An exact copy of the data is required. No picture may appear in it.

*EXERCISE DATA*
◆ ◆ ◆ ◆

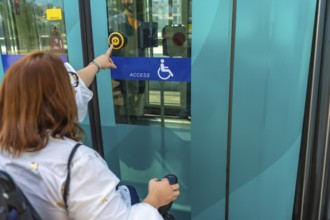 Woman using a wheelchair is pushing accessible button to enter public transport, promoting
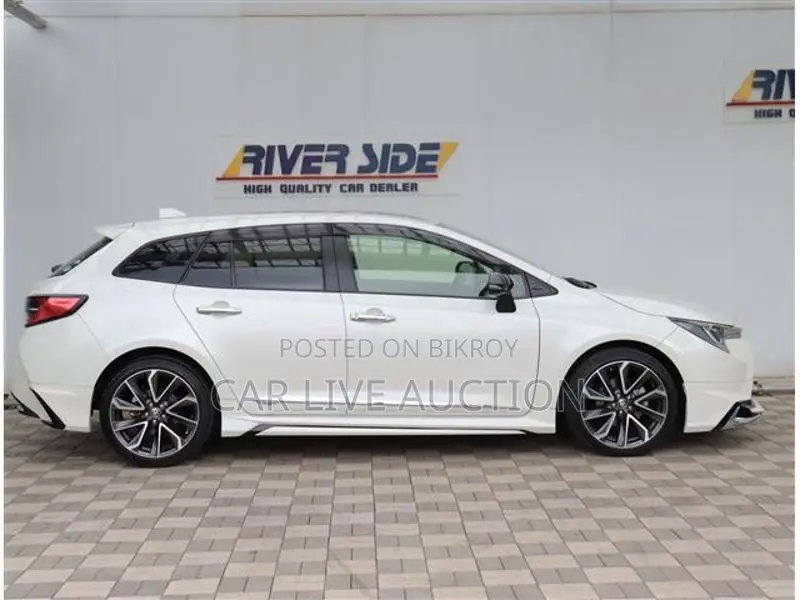 Toyota Corolla Hybrid WXB TOURING 2021
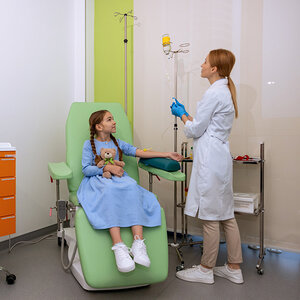 A young girl receiving cancer treatment in a hospital.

◆ ◆ ◆ ◆

*ANSWER TO THE EXERCISE*
 Woman using a wheelchair is pushing accessible button to enter public transport, promoting
 Toyota Corolla Hybrid WXB TOURING 2021
 A young girl receiving cancer treatment in a hospital.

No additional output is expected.